Merger or Amalgamation of Company with Foreign Company
Karan Singh
| Updated: Jul 21, 2021 | Category: Merger and Amalgamation

In today’s present economics, the businesses are very different from the businesses previous. The rise in the adaption of technology is difficult for the business operating nowadays. Due to the rising wave of globalisation, the idea of Merger and Amalgamation with foreign country or nation has now gained significant significance in current times. Under the Companies Act, 2013, the provisions for Merger or Amalgamation of Company are given in Section 234 of the Companies Act.

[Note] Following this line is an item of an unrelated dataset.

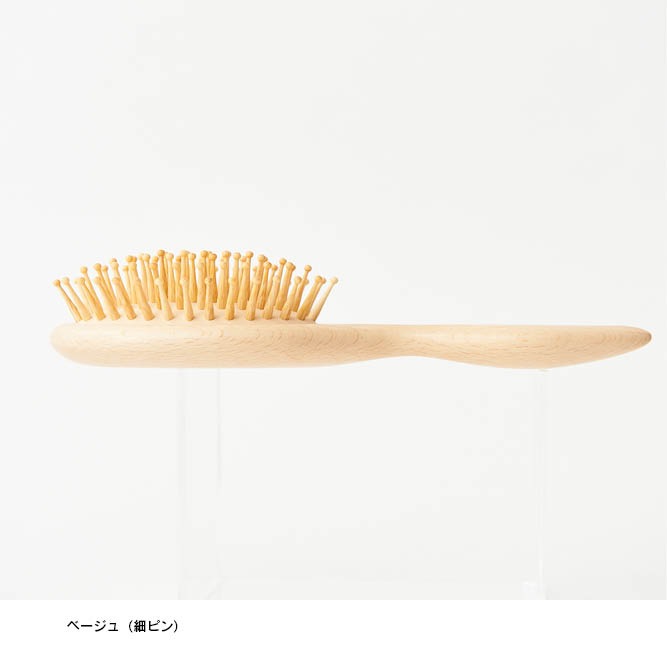 5way���å����֥饷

Meaning of Merger or Amalgamation of Company with Foreign Company

A Merger or Amalgamation of Company with Foreign Company or across the border. Mergers and Acquisition is an idea when one entity acquires another entity that is based in a dissimilar country. The Merger or Amalgamation of Company with a Foreign Company aids the entities or companies to spread their businesses around the globe. An entity or a company should also do the due diligence examines to find the correct match of an overseas company for the procedure of Merger or Amalgamation with a Foreign Company to commence.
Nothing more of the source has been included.